As you may know, the Mustang debuted in 1964 and forever changed the automotive landscape, starting the pony car wars and becoming a symbol of youthful freedom for a generation. I grew up fascinated with these beauties, annoying my parents with shouts of “Mustang” whenever one passed. These days, the carspotting thrill becomes seeing them hidden away in barns, junkyards, and fields — like the above collection of photos taken recently across western North Carolina and upstate South Carolina.
The original Mustang sold more than million cars in just a year-and-a-half, so plenty of them survive in one state or another. And I’m willing to bet nearly every one of them were beloved by at least one young owner.
Yes, Mr. Wolfe, it’s not the home I once knew and loved. But it takes a part of me back there with the curve of the dash, the hint of a side scoop, the ‘60s typography on the gauges, and timeless look of a running pony against a tri-colored stripe.

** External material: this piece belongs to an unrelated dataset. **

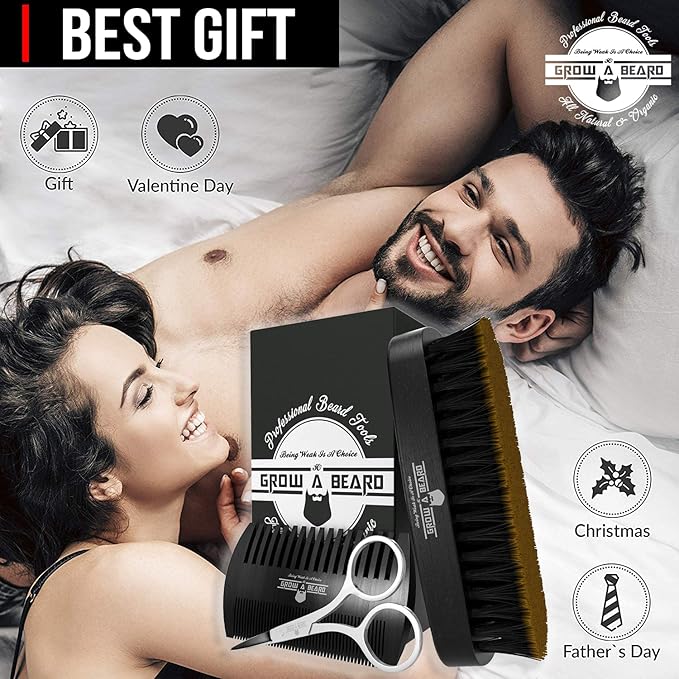 Beard Brush for Men with Beard & Mustache Comb Set, Beard Grooming & Care Kit, Natural Boar Bristle Brush, Dual Action Wood Comb, Stainless Steel Scissors, and Travel Bag, Great Fathers Day, Dad Gifts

I roll past the places of my youth; as The Beatles used to sing, “Some have gone, and some remain.” Despite being a different decade and different Mustang, the feeling is eerily similar. For a moment, this reverie gives me the urge to pull over just ahead. But how ridiculous would it look for a middle-age man to plant himself on the hood of this Mustang in an abandoned Bi-Lo parking lot with David Lee Roth screaming from the stereo?
Everyone knows you can’t go home again.